Incidentally, a demand exists for reduction in weight and improvement in performance of the toroidal type continuously variable transmission constructed and operated as described above which may be incorporated in an actual transmission or the like.
On the other hand, the trunnions 6 for pivotally supporting the respective power rollers 9 are so heavy that the utilization of the trunnions 6 has constituted a restriction for reducing the weight of the toroidal type continuously variable transmission.
Specifically the trunnion 6 incorporated in a conventional toroidal type continuously variable transmission has a base 23 for supporting a base end of the displacement shaft 8 coupled to an intermediate portion of one side thereof and a pair of pivots 5 protruding from both end surfaces of the base 23. The base 23 is made from a cylindrical member of a material having a sufficient rigidity such as steel, and is formed with a recess 24 by machining an intermediate portion of one surface of the cylindrical member. In a circular hole 7 formed through the base 23 in a central portion of the recess 24, the base end of the displacement shaft 8 is inserted such that the displacement shaft 8 is freely coupled to and supported by the trunnion 6. The pivots 5 are arranged on both end surface of the base 23 coaxially with the base 23.
In the conventional trunnion 6 constructed as described above, since the center of the base 23 is coincident with the center of the pivots 5, useless portions may be included in a design for ensuring a withstandable load of the trunnion 6. In other words, the trunnion 6 tends to be heavier than is required.
For example, when the pivot 5 is applied with a force in the direction perpendicular to the central axis, this force is supported by plate members 25 which couple the base 23 to the pivots 5. However, peripheral portions of these plate members 25 indicated by a lattice pattern in FIG. 6 are almost useless for supporting these force and merely cause the total weight to be heavier.

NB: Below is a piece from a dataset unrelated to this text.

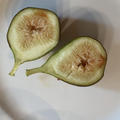 Feigenbaum 'Osborn Prolific'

When the displacement shaft 8 is applied with a force in the direction perpendicular to the central axis thereof through the power rollers 9, an inserted portion of the base end of the displacement shaft 8 with the circular hole 7 supports this force. For this purpose, it should be ensured that a sufficient thickness T, be provided to a body member 26 which is part of the base 23 and through which the circular hole is formed. However, when the center axis of the base 23 is coincident with the center axis of the pivots 5, the cross-section of the body member 26 becomes larger than is required. For this reason, not only the weight of the plate members 25 but also the weight of the body member 26 are so excessive that the trunnion 6 as a whole is too heavy.
Although it is of course possible to reduce the weight of the trunnion 6 by removing portions useless for improving the withstandable load, a process of selectively removing unnecessary portions is rather difficult and causes a higher manufacturing cost of the trunnion, so that it is not preferable.